從那個手術台上醒來後, 渾身疼的好像被車反複碾壓過,胳膊、腿、每一寸皮膚,每個被動過手腳的器官都在腐爛, 身體在排斥,早該沒知覺的眼睛火辣辣的疼, 幾百米外的各種聲音也不顧主人意願在腦袋裏擅自吵作一團。
每一秒都是生不如死的地獄。
條野采菊卻掙紮著活了下來。
理由很多, 但總歸隻有一個, 不想死而已。
“恭喜你,從危害社會的渣宰變成了可以保護國家的英雄。”那個幼女哈哈大笑著, 用一副他占了大便宜的語氣說:“這份工作可是很受女性歡迎的。”
填報信息, 洗白,訓練,入職。
從頭到尾,沒有任何人問過條野采菊的意見。
因為不每個月進行一次維護手術就會死,所以不用擔心背叛,因為不合格的獵犬會被淘汰,停止費用高昂的維護手術,也不用擔心他不好好完成任務。
好在, 條野采菊對身份的變換並未有不適應, 因為他的軍旅生涯和福地櫻癡說的一樣。
“不觸犯法律就能傷害他人, 用慘叫和絕望取悅自己, 隻要殺幾個犯人, 人們就會對你大加讚揚,出人頭地,這不是很好嗎。”
獵犬和犯罪分子, 都是殺人, 不過前者萬人敬仰, 名正言順,後者萬人唾棄,東躲西藏。
除去倫理,手術,受製於人,獵犬的工作對條野采菊來說,的確是得了天大的便宜,如魚得水,除了.......

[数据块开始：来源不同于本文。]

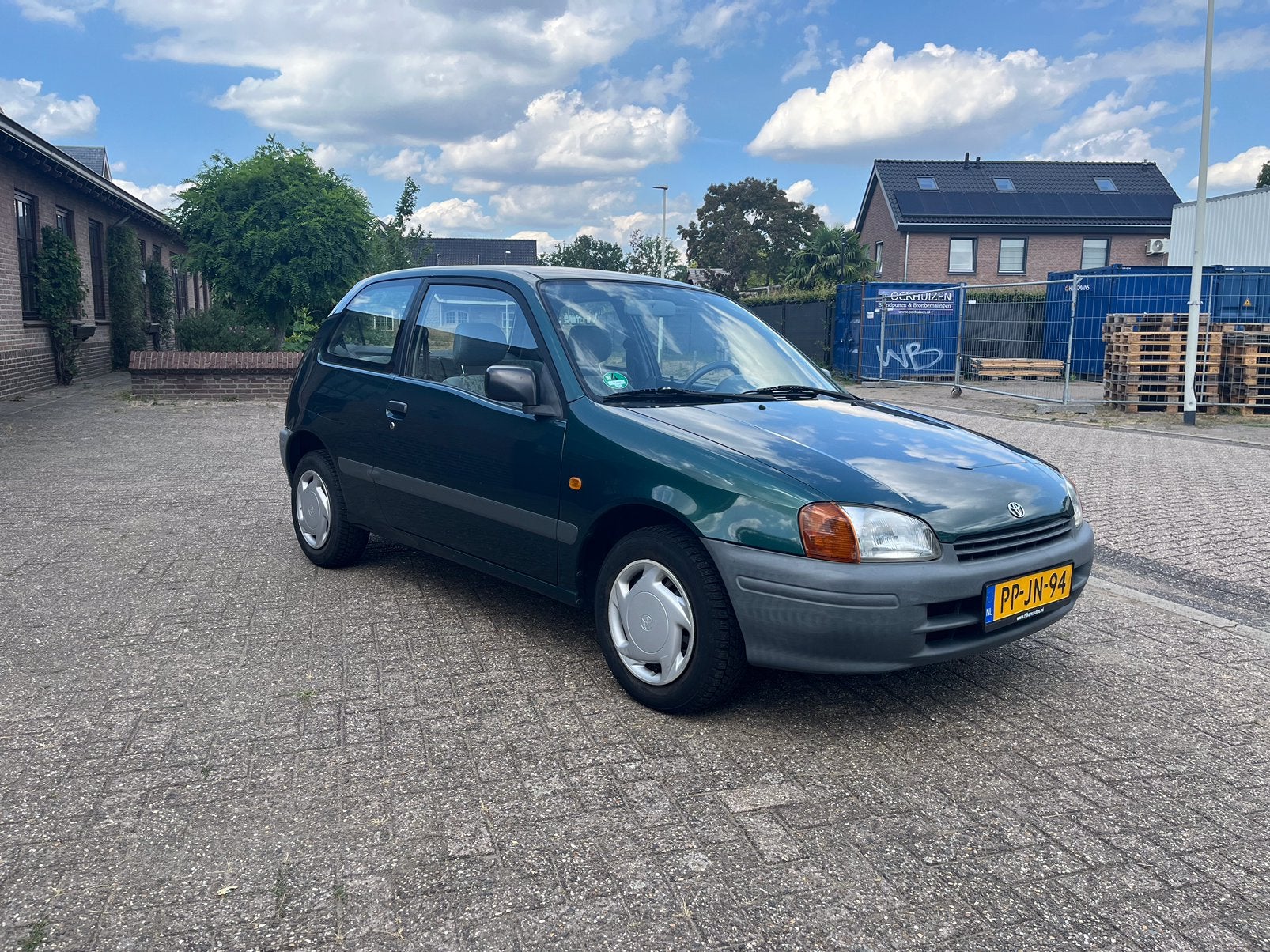 Toyota Starlet 1.3XLi 1996, Auto's, Toyota, Voorwielaandrijving, Stof, 4 cilinders, Starlet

“在東京塔上對我開槍的那個人呢,他也被做了手術嗎?”剛換上新軍服的白發少年接過裝了自己東西的盒子,發現自小帶大大的流蘇耳釘少了一隻:“我的耳釘呢?”
“他在被移交法務部的路上被同伴救走了,我和燁子當時都不在附近。”福地櫻癡有些憤憤的說:“至於你的那隻耳釘,可能是移送的途中丟了吧。”